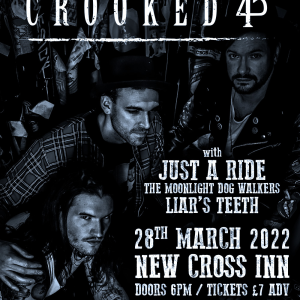 The Crooked 45 performing live at New Cross Inn, London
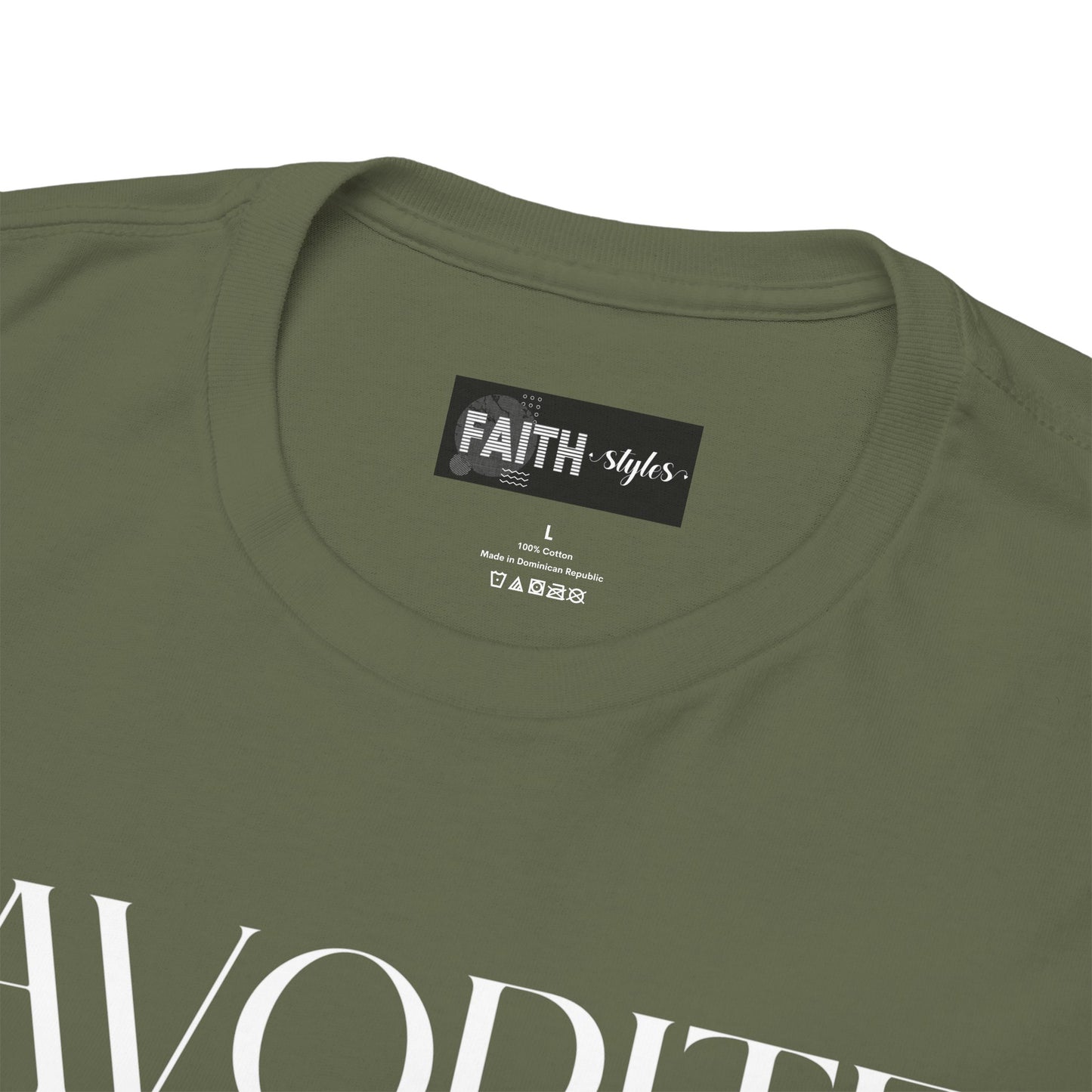 Favorite Brother Unisex Heavy Cotton Tee - Perfect Gift for Siblings, Casual Wear, Birthday, Family Reunion, Everyday Comfort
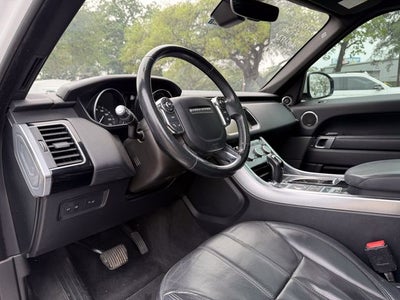 2017 Land Rover Range Rover Sport HSE TD6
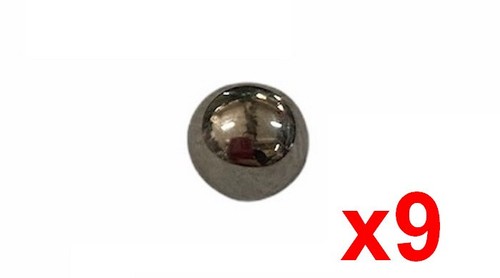 50481 bille 6 - 50481, (x9)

....

**EXERCISE PROMPT:**
Write out the data exactly, but not its pictures.

**OUTPUT FOR THIS EXERCISE:**
 The Crooked 45 performing live at New Cross Inn, London
 Favorite Brother Unisex Heavy Cotton Tee - Perfect Gift for Siblings, Casual Wear, Birthday, Family Reunion, Everyday Comfort
 2017 Land Rover Range Rover Sport HSE TD6
 50481 bille 6 - 50481, (x9)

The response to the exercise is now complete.